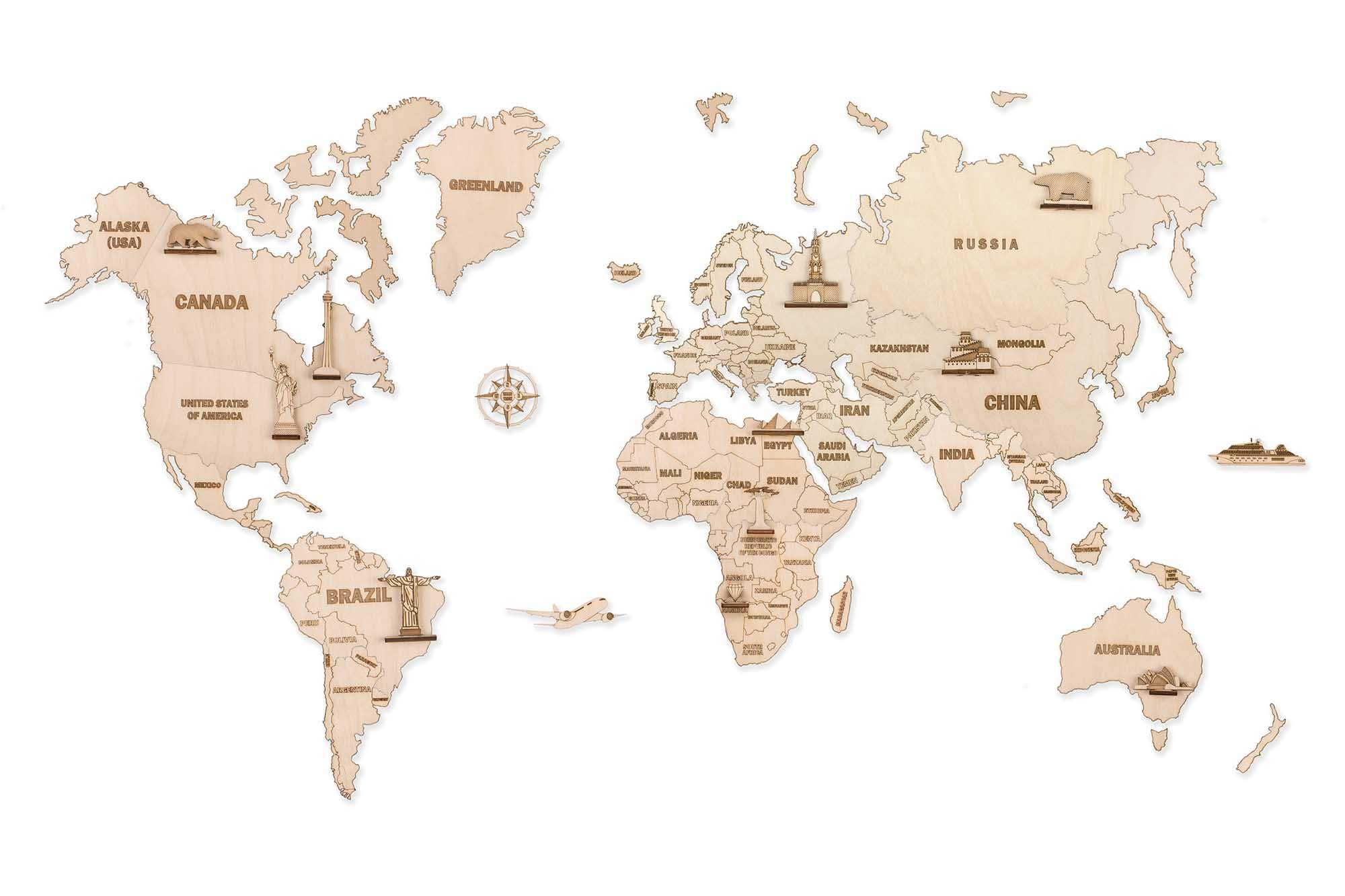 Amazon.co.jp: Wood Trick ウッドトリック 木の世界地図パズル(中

---

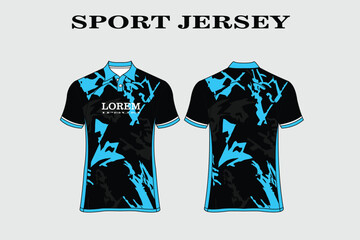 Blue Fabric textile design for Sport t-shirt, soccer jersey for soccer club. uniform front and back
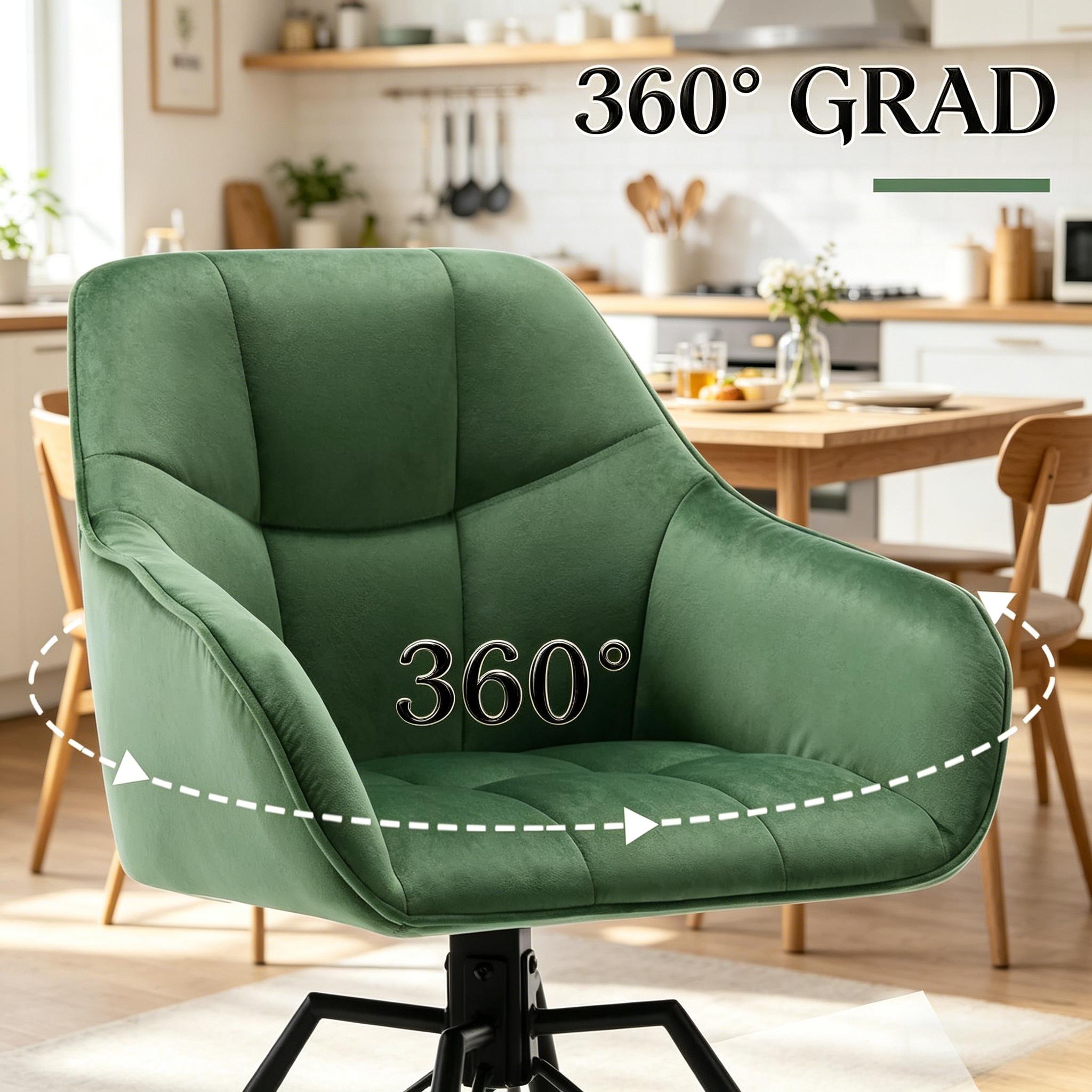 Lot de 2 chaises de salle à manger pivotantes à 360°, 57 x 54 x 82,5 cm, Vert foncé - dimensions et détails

* * *

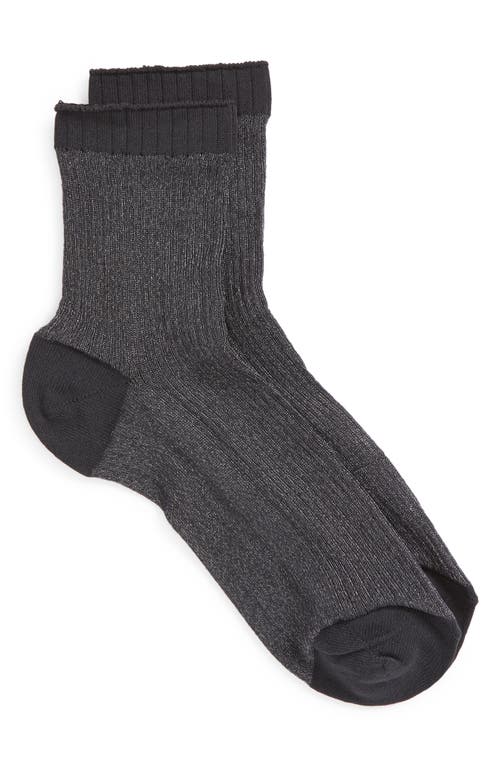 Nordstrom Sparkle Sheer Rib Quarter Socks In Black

**What to do**. Return the material from the line containing "Blue Fabric textile" through the line containing "Lot de 2 chaises", exactly and in full, but without its pictures.

**Solution for this problem**.
 Blue Fabric textile design for Sport t-shirt, soccer jersey for soccer club. uniform front and back
 Lot de 2 chaises de salle à manger pivotantes à 360°, 57 x 54 x 82,5 cm, Vert foncé - dimensions et détails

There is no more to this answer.